By Layne Saliba | May 26, 2017
As a cancer surgeon with more than 35 years of experience, Dr. Ken Dixon was tired of giving patients bad news.
Time and again, he had to have the difficult conversation with patients and their families, telling them there was nothing more he could do to rid them of cancer. He didn’t want to have that conversation anymore, so he did something about it.
“If I’m sitting across from you, and I say ‘I’m sorry. I don’t have anything else.’ That is a final statement,” said Dixon, a surgeon with Surgical Oncology of Northeast Georgia. “There needs to be something else.”
For him, “something else” was preserving tumor tissue in its living state after its initial analysis instead of tossing it in formalin, which kills it. By keeping the tissue alive, pathologists can test new therapies that develop and potentially offer therapies to that patient.
Enter SpeciCare, a new system Dixon put together that will allow for the easy handling and storage of that live tumor tissue. After the routine pathological analysis is done in the operating room, patients now have the option, by signing a directive, to have the remaining tumor tissue sent off to another pathology lab to be stored in multiple formats for further research.
“There’s no living tissue saved routinely, and this is the way it’s been since the 1870s,” Dixon said. “So (dead tumor tissue) gives you all the information about what a tumor looks like. But it doesn’t give you all the information that having a living tumor tissue would provide you.”
He said only one other company saves living tumor tissue. StoreMyTumor was the first to do it, but Dixon said the price for that service is three times SpeciCare’s cost of just under $2,000. Dixon said StoreMyTumor sees it as more of a “niche market,” but he wants to see it become “standard care.”
“This is something that shouldn’t just be available to people with a lot of money,” Dixon said. “It should be available to the masses.”
That’s one of SpeciCare’s biggest struggles. Insurance doesn’t cover it, so the patient has to pay the entire bill. Because of that, Dixon said patients often aren’t aware that it’s an option because “we’ve been a little bit stymied by the viewpoint that the medical care you receive is the medical care that insurance OKs.”
Dixon, along with one of his investors, Dr. Pierpont Brown, has worked to make it a more mainstream idea to help patients have hope for a better future.
“I think it’s a novel idea,” said Brown, a general surgeon with Northeast Georgia Physicians Group. “We’re proving that we can harvest the tissue and hang on to it and save it for future use. So I think as we develop more treatments that are directed toward the genetic makeup of tumors, I think it’s exceptionally important to have that tumor, to know the characteristics of that tumor for future treatment.”

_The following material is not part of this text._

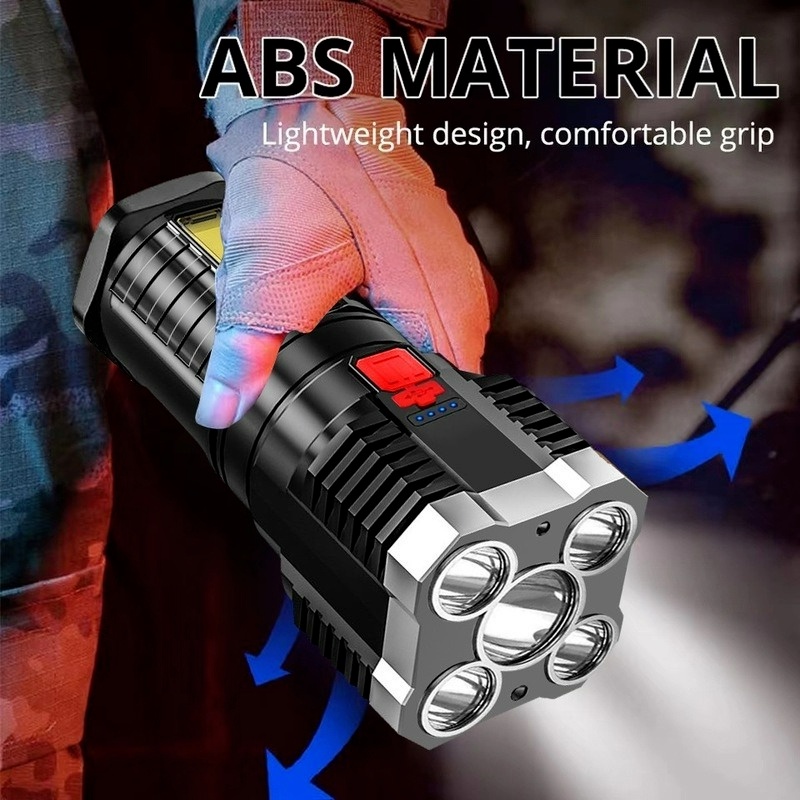 Đèn Pin LED COB Siêu Sáng 3 Trong 1 Có Thể Sạc Lại Tiện Dụng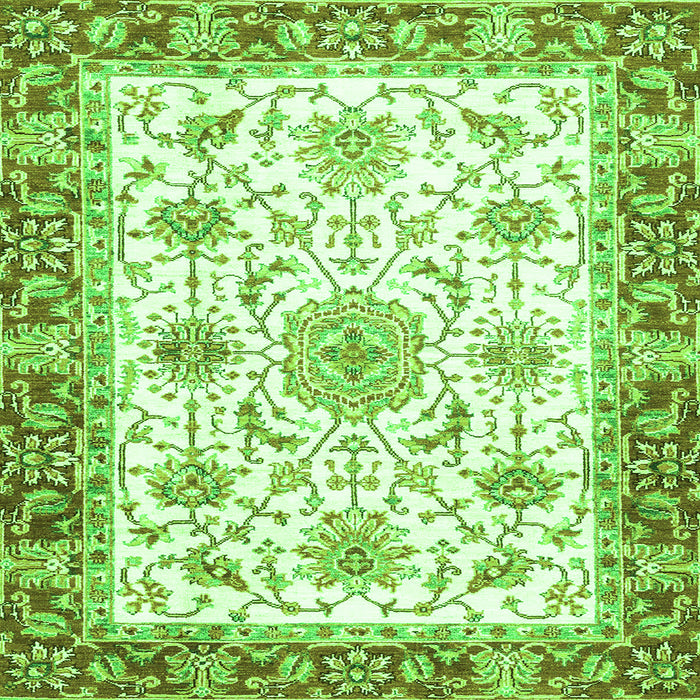 Square Oriental Green Traditional Rug, abs3162grn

Dixon said each patient’s tumor is different. He compared it to a fingerprint and said each tumor may respond differently to the same therapies. SpeciCare’s ultimate goal and purpose is to analyze a patient’s tumor tissue and “connect it with research for that individual’s benefit.”
The way that happens is actually a pretty simple process. After a patient meets with Dixon, and he determines if they are a good candidate for SpeciCare’s services, he offers the service and answers any questions they have.
“I would say, ‘This is a serious problem and we want to go through the standard therapies, but because there is a chance that you might at some point fail this therapy, let’s save some of your tumor tissue to have available,’” Dixon said.
If the patient decides to move ahead with SpeciCare, they sign a directive to their surgeon to save some tumor tissue. After a routine pathological analysis, the surgeon cuts the tumor into small pieces, puts it in a liquid that keeps it alive, then into a box called a SpeciKit that is sent to an off-site pathology lab.
Once it gets to the lab, it’s examined and processed again. Finally, it’s frozen in a way that keeps it alive and then placed in a repository as they “search for clinical trials” and “appropriate therapies to be delivered back to that patient.”
“We’re keeping the tumor alive,” Dixon said. “So we can treat that tumor with targeted therapy, chemotherapy or a combination of agents and then we see what that tumor does.”
Dixon said an important part of the process is the fact that patients are able to “take some sort of control.” He said historically, the view of tumor tissue has been that once it’s removed from the body, it doesn’t matter to that patient anymore. With SpeciCare, Dixon is trying to change that.
“Our job, the job of physicians in the community, is to let people know we should be saving tumor tissue in a living state,” Dixon said. “We should continue with the processes we normally do, but in addition to that, we should be saving that living tumor tissue.”